The task
Begin at the line containing "Sách - Thoát Khỏi Mối Quan Hệ Độc Hại" and copy each line exactly through the end of the records, leaving out what comes before.

Material provided
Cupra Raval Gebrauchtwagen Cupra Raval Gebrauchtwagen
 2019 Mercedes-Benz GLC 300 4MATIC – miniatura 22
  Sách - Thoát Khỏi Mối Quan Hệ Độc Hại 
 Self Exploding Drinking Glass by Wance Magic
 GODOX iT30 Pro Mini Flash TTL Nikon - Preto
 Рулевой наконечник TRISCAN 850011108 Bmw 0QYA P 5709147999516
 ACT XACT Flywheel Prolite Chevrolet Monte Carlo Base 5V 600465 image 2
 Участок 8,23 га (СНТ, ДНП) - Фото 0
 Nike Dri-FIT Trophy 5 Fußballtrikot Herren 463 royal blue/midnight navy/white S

Result
  Sách - Thoát Khỏi Mối Quan Hệ Độc Hại 
 Self Exploding Drinking Glass by Wance Magic
 GODOX iT30 Pro Mini Flash TTL Nikon - Preto
 Рулевой наконечник TRISCAN 850011108 Bmw 0QYA P 5709147999516
 ACT XACT Flywheel Prolite Chevrolet Monte Carlo Base 5V 600465 image 2
 Участок 8,23 га (СНТ, ДНП) - Фото 0
 Nike Dri-FIT Trophy 5 Fußballtrikot Herren 463 royal blue/midnight navy/white S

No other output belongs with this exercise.